4回裏、直前の打者・竹原煌翔(捕手=大会MVP)は、一気に二塁をうかがってのタッチアウトで二死走者なし。あっさりと終わってしまいそうな攻撃を、四番・濱谷隆太がひと振りで引き留めた。
右中間へ特大のランニングホームランだ。すると、続く吉村駿里もソロアーチで勝負が決した(4回コールド勝ち)。
「(空振りで)2ストライクに追い込まれてヤバいなと思ったけど、お父さんに言われたスイングをしたら、良い角度で打球が飛んでいってくれました」(濱谷)
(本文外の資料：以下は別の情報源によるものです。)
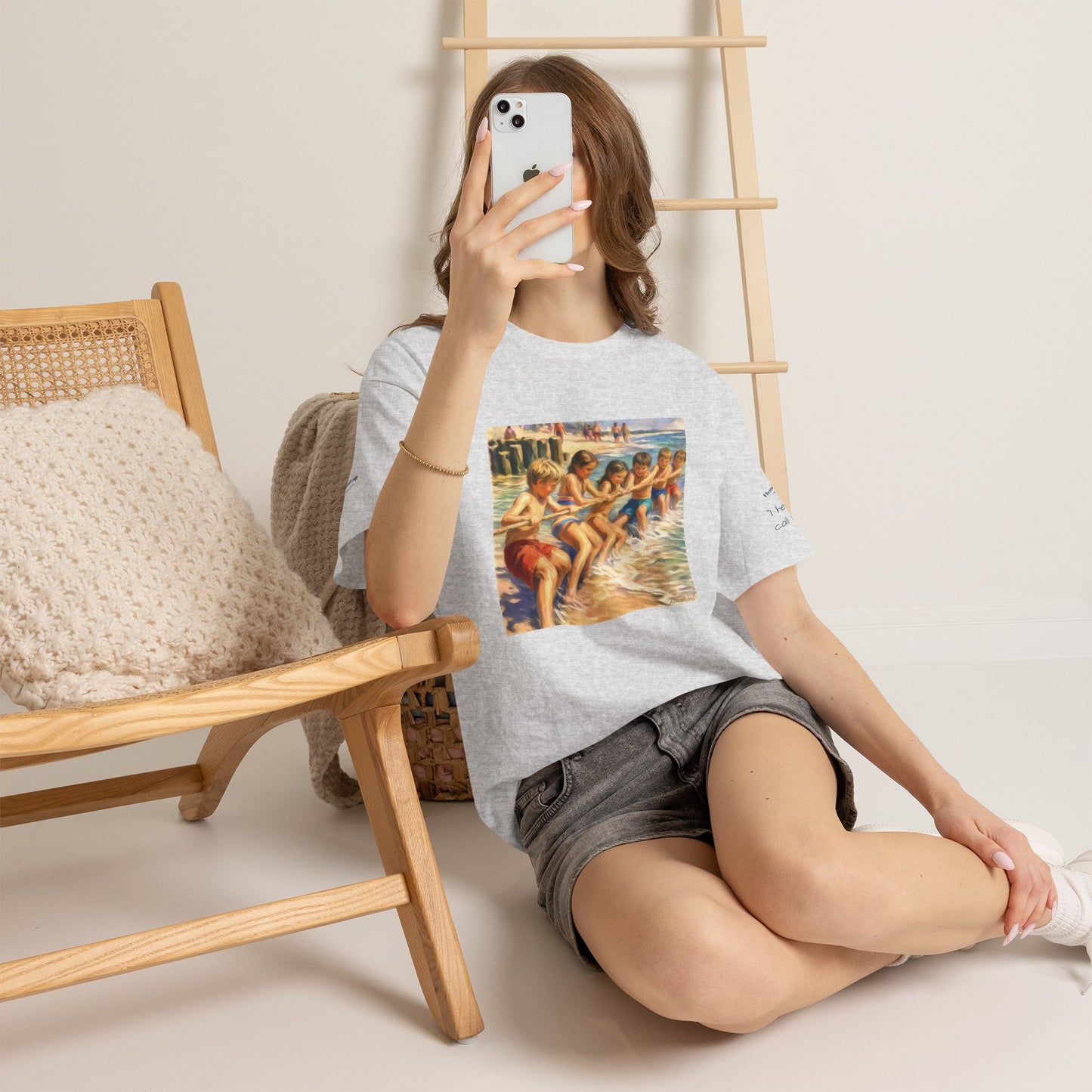 HoneySuckle Lodge Vintage Beach T-Shirt — "50+ years of fun in the sun" Retro Kids on Shore Design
父の教えとは、手足の回転にタイムラグをつくり、タメをより効かせたスイングだという。「それで高めは横振り、真ん中から低めは縦振り。ホームランを打ったのは内角低め。大好物っす!」
並々ならぬ努力があるからこそ、技術にもそこまで入り込めているのだろう。チームの活動は週末と祝祭日のみ。それ以外の平日は500~600球、父のサポートも受けて羽根打ちに励んでいるという。
「家の周りの人たちもみんな応援してくれてるから、打ち損じをどこかに当てたりしても、何も言ってこないっす(笑)」
どっしりとした体躯と構えに、いかつい表情は早くも中学生のよう。無敵の関東王者を象徴する看板打者にも見える。だが、心中では危機感と常に隣り合わせの日々を送っているという。
「ボクは足が遅いし守備もヘタなので、打てなかったら代えられるというつもりで、いつも打席に立っています。しんどい? はい。でも、平日に練習しないとフェニックスでは試合に出られませんね」
通算の本塁打は80本ほどだが、新チームでは、この日の一発でまだ3本目。もがき苦しみながらも、バットを振り続けている。派手な活躍にスポットライトが当たるその影には、人知れぬ練磨もあるのだ。これも船橋フェニックスの強さの一端であるに違いない。
―Pickup Team―
年輪を重ねてなお、成長中
[東京/江戸川区]
清新ハンターズ
【戦いの軌跡】
1回戦〇7対2西田(杉並)
2回戦〇9対1西千(文京)
3回戦〇6対5目黒ピ(目黒)
準々決〇4対3ジュニア(江戸川)
準決勝〇4対3ブルー(北)
決 勝●2対9船橋(世田谷)
以前はボロ負けの相手に
3回戦から3試合連続で、強敵に1点差の勝利。迎えた決勝は、不敗の関東王者にコールド負けした。結果は大敗でも、清新ハンターズの真骨頂と可能性が凝縮された4イニングだった。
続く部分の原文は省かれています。